═════ Given information
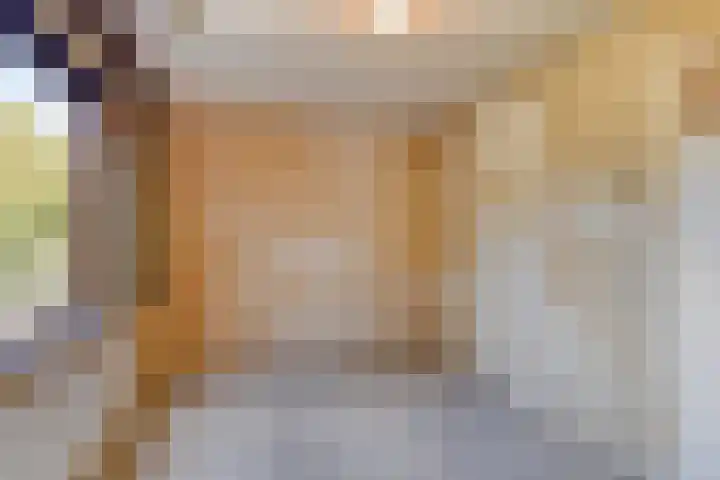 Het Kerspel 76 Hasselt thumbnail 21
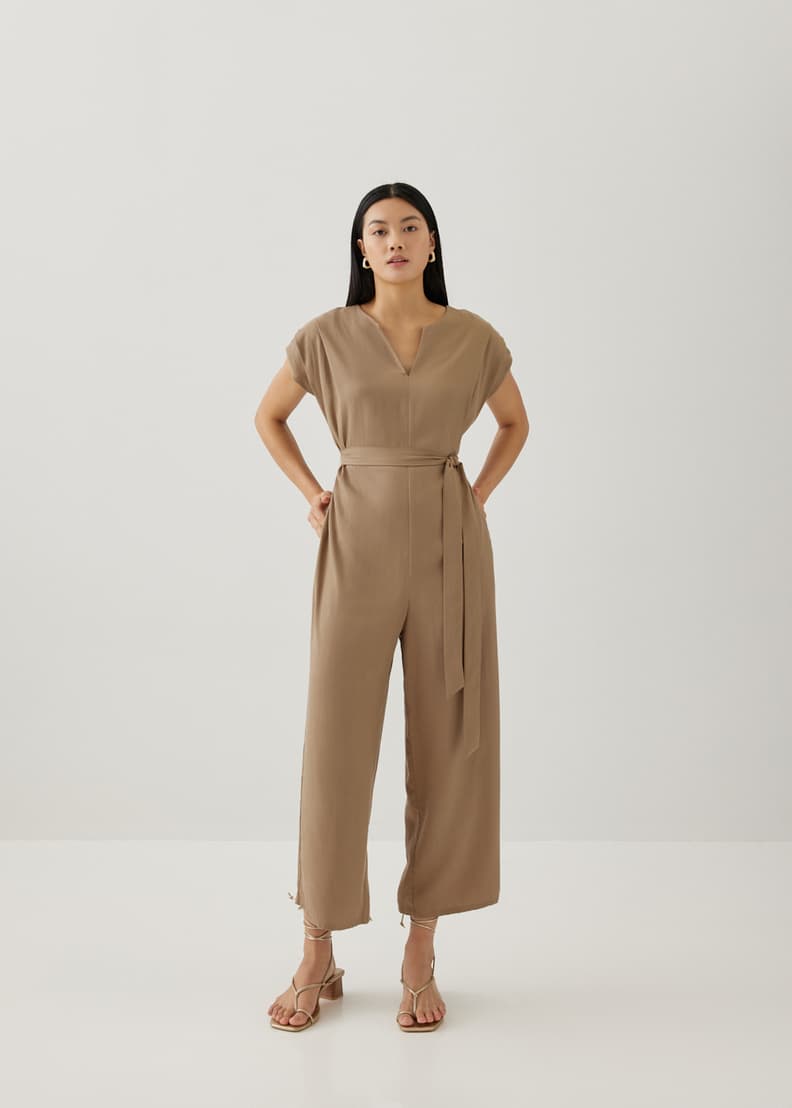 H and shop m jumpsuit canada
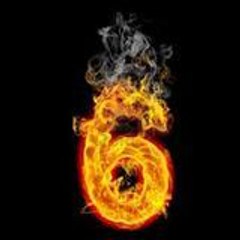 coolfire6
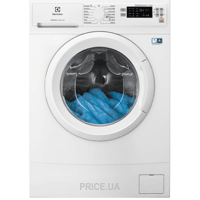 Electrolux EW 6S5R06W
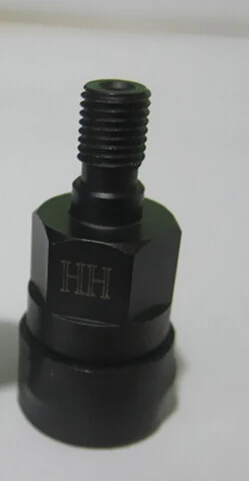 SMT Nozzle, holder SM320 CP45 NEO Machine, CP45FV HOLDER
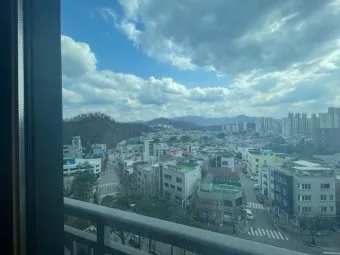 원주 가볼만한곳 베스트10 여행 코스 맛집_12
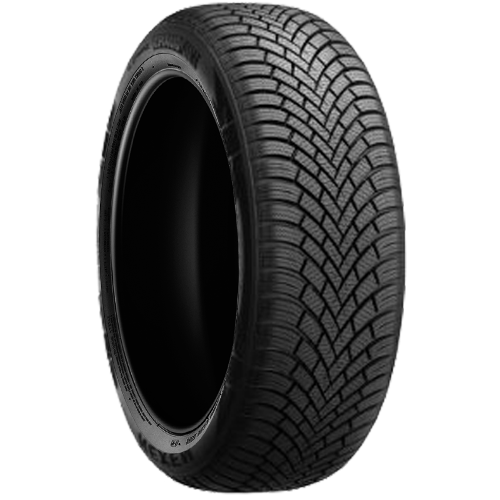 195/55R15 85H Nexen Snow'G3 WH21 CDB72 PCRWL Friction tyre European compound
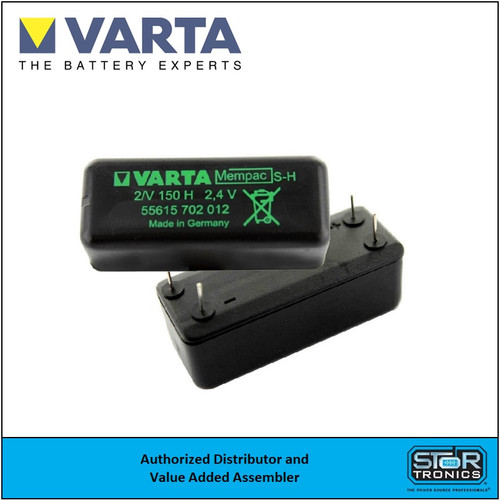 Varta_Mempac_2.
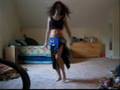 With Love Dance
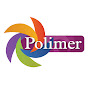 Polimer TV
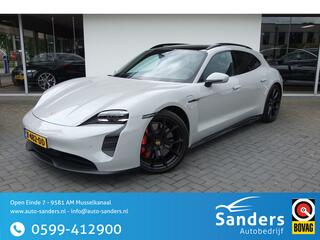 porsche-taycan-sport-turismo--nl-au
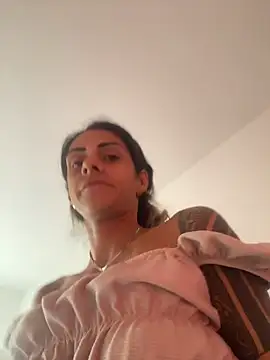 Sabrinaneves - Sentando no novinho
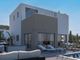 Thumbnail Detached house for sale in Pomos 8870, Cyprus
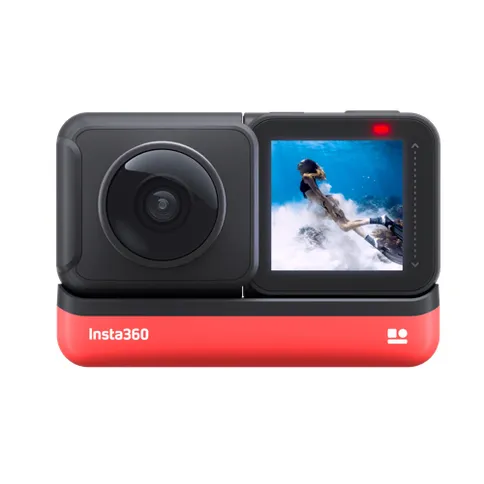 Insta360OneR_360_2.jpg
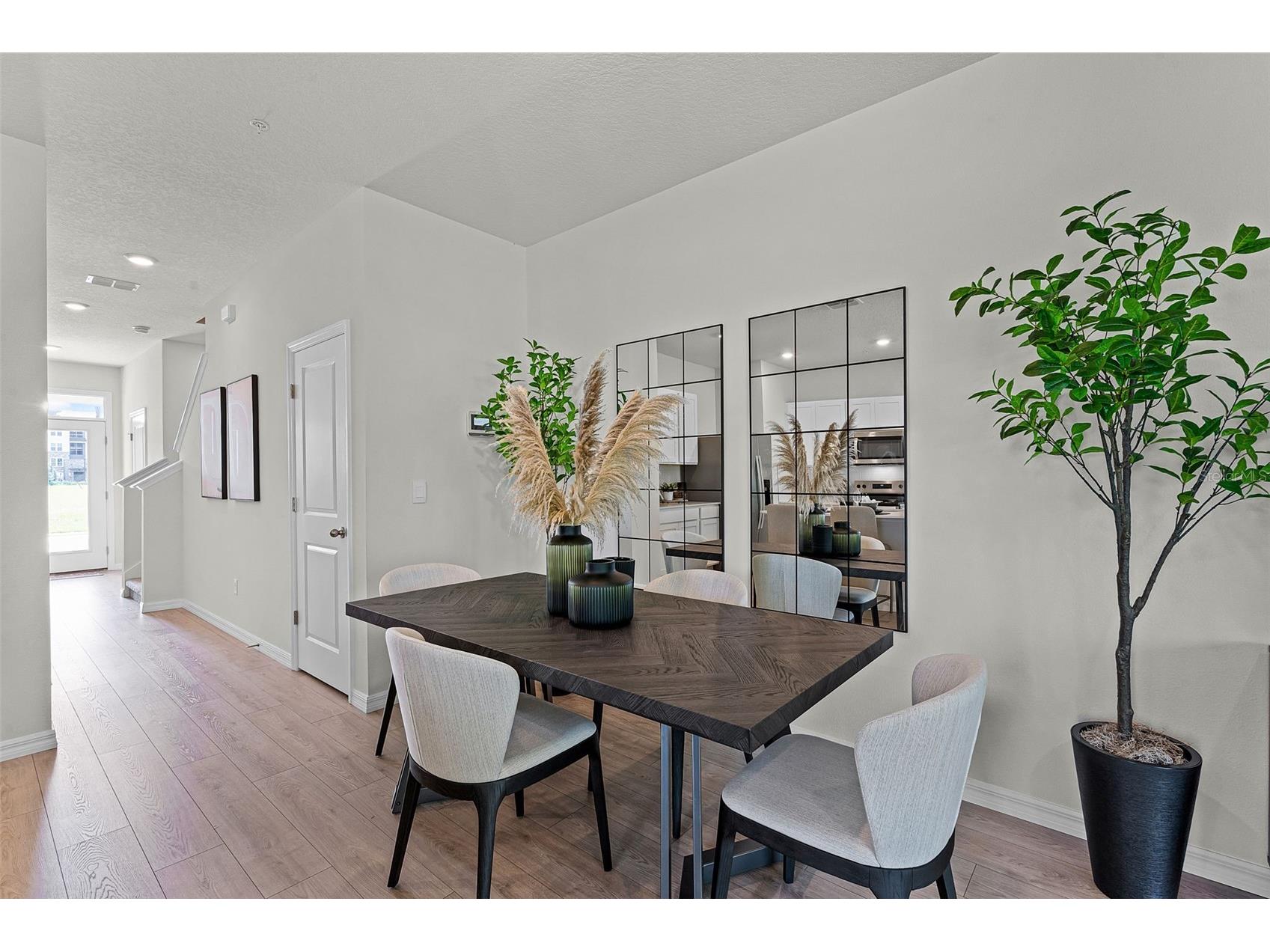 3359 Chroma Street Orlando FL 32824 O6394050 image4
══════════
-- What is being asked --
Please give again only the lines from the one containing "H and shop m jumpsuit canada" through the last line of the entries above, exactly as they stand and without pictures.

-- Response to this exercise --
 H and shop m jumpsuit canada
 coolfire6
 Electrolux EW 6S5R06W
 SMT Nozzle, holder SM320 CP45 NEO Machine, CP45FV HOLDER
 원주 가볼만한곳 베스트10 여행 코스 맛집_12
 195/55R15 85H Nexen Snow'G3 WH21 CDB72 PCRWL Friction tyre European compound
 Varta_Mempac_2.
 With Love Dance
 Polimer TV
 porsche-taycan-sport-turismo--nl-au
 Sabrinaneves - Sentando no novinho
 Thumbnail Detached house for sale in Pomos 8870, Cyprus
 Insta360OneR_360_2.jpg
 3359 Chroma Street Orlando FL 32824 O6394050 image4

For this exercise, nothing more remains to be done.